EXERCISE GOAL
In the records below, find the line with "Vegito edit ||" and the line with "Плавки женские бразилиана"; return exactly those lines and every line between them.

-- -- --

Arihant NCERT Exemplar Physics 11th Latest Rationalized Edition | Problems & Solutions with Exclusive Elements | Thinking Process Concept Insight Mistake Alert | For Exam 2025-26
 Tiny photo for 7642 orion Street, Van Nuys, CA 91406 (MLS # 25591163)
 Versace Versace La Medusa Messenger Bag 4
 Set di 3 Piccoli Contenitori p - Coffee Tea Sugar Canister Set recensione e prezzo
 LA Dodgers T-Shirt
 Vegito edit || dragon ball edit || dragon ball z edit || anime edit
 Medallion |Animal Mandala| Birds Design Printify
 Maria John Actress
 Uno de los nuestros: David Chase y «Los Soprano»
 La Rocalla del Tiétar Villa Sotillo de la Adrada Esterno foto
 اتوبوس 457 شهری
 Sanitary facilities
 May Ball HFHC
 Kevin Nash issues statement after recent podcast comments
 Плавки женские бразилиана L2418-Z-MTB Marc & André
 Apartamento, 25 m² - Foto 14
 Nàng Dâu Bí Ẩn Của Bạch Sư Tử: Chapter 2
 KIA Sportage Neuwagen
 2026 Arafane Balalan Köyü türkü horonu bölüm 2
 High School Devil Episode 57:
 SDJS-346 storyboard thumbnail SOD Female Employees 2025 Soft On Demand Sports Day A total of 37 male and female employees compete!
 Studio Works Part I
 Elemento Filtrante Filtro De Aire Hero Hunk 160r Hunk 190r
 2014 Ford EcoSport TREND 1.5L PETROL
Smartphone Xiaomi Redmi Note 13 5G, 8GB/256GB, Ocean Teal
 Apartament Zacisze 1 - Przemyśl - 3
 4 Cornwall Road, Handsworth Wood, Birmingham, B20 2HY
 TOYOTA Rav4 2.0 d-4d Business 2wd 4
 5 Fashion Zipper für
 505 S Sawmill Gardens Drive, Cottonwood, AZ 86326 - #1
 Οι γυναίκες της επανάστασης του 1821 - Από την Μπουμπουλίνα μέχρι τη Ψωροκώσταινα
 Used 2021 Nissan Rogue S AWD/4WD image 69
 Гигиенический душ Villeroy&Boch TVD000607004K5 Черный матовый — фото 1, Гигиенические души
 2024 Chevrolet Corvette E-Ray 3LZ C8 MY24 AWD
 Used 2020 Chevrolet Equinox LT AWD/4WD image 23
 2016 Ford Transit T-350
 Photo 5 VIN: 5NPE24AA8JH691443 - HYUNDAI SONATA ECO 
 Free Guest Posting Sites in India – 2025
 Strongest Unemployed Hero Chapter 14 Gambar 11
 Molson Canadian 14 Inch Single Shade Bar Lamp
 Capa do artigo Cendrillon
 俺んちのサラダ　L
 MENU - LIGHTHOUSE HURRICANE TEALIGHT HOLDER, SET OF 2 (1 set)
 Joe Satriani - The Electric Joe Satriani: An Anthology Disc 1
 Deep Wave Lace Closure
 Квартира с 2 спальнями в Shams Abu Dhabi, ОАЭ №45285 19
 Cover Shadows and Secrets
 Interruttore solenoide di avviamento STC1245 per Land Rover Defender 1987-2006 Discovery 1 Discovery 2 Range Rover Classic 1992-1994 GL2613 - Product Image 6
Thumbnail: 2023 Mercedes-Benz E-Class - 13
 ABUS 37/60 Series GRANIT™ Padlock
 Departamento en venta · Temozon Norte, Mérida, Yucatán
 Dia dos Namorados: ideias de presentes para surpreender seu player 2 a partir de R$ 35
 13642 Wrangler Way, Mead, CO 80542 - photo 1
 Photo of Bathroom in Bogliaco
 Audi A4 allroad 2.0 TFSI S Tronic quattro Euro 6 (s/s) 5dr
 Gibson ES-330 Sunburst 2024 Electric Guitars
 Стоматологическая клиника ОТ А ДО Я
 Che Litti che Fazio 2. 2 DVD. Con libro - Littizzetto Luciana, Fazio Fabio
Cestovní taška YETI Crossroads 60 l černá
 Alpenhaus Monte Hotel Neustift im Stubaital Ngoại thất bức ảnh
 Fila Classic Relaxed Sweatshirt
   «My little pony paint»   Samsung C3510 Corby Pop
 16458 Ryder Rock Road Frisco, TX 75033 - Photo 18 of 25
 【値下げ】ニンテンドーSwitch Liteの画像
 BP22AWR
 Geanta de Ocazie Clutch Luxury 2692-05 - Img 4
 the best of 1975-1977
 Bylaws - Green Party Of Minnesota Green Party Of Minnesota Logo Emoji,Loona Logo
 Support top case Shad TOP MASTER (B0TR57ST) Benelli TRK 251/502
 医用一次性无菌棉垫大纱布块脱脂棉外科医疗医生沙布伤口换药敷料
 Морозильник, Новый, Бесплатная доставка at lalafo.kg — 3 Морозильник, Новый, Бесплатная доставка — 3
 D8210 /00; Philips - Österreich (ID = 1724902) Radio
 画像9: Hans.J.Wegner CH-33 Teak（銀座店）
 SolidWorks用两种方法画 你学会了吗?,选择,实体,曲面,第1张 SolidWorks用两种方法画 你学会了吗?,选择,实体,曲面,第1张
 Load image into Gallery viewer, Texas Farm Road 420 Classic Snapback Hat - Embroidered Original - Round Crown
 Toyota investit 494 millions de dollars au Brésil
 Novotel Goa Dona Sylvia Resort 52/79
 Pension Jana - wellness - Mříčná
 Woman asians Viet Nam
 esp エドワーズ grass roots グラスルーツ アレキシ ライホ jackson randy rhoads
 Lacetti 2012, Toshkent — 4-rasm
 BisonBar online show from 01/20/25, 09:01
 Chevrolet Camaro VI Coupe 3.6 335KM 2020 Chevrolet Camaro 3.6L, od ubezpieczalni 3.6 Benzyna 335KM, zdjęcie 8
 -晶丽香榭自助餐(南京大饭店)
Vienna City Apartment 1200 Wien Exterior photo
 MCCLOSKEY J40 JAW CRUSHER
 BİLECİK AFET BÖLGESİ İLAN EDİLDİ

-- -- --

OUTPUT FOR THIS EXERCISE
 Vegito edit || dragon ball edit || dragon ball z edit || anime edit
 Medallion |Animal Mandala| Birds Design Printify
 Maria John Actress
 Uno de los nuestros: David Chase y «Los Soprano»
 La Rocalla del Tiétar Villa Sotillo de la Adrada Esterno foto
 اتوبوس 457 شهری
 Sanitary facilities
 May Ball HFHC
 Kevin Nash issues statement after recent podcast comments
 Плавки женские бразилиана L2418-Z-MTB Marc & André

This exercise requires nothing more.